__What you should do__:
When a line of the records below contains the string "Beautiful", copy that whole line.

Caption-style text data:

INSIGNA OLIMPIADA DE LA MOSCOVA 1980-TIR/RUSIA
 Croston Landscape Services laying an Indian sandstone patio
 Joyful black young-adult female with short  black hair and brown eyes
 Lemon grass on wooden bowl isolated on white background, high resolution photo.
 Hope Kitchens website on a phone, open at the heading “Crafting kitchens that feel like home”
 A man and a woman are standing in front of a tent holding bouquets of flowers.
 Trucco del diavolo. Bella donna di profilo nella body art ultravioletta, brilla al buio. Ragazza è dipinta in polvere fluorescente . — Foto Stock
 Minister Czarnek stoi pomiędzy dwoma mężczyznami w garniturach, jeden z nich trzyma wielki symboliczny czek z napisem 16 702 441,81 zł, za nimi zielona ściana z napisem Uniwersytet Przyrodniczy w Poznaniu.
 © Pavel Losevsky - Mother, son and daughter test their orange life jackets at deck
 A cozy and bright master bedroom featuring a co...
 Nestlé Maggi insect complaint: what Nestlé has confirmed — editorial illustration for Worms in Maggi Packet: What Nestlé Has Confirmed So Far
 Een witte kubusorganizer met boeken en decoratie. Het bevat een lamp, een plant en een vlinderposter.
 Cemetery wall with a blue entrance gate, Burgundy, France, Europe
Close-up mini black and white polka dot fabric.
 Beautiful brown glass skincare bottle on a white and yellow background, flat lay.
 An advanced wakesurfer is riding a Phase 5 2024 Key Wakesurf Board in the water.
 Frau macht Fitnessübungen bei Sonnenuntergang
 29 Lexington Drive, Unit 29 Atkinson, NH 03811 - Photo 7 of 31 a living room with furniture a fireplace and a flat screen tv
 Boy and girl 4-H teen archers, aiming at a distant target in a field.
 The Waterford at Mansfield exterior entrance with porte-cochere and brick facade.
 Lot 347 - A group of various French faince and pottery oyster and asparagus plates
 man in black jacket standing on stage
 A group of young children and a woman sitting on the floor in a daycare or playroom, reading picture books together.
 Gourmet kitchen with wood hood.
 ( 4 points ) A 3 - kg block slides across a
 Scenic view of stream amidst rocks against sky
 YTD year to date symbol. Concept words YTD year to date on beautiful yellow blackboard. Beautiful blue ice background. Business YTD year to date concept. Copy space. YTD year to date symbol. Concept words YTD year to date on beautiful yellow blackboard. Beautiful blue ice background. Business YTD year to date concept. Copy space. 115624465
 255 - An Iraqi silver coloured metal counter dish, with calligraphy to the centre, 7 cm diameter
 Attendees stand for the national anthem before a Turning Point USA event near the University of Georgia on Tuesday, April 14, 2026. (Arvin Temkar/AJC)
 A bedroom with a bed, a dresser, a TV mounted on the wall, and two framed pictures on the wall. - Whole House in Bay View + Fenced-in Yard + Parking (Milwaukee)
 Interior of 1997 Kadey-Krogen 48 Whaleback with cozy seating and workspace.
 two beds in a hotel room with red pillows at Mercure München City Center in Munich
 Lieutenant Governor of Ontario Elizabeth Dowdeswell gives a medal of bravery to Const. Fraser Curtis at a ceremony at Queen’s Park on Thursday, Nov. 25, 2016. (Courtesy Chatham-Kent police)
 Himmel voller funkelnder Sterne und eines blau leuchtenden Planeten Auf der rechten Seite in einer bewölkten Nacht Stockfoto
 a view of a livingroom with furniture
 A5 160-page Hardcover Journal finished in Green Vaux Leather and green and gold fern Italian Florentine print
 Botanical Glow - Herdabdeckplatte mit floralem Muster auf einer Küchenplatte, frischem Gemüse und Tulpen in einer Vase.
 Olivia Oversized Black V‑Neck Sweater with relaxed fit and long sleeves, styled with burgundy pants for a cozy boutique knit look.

__Your response__:
 Beautiful brown glass skincare bottle on a white and yellow background, flat lay.
 YTD year to date symbol. Concept words YTD year to date on beautiful yellow blackboard. Beautiful blue ice background. Business YTD year to date concept. Copy space. YTD year to date symbol. Concept words YTD year to date on beautiful yellow blackboard. Beautiful blue ice background. Business YTD year to date concept. Copy space. 115624465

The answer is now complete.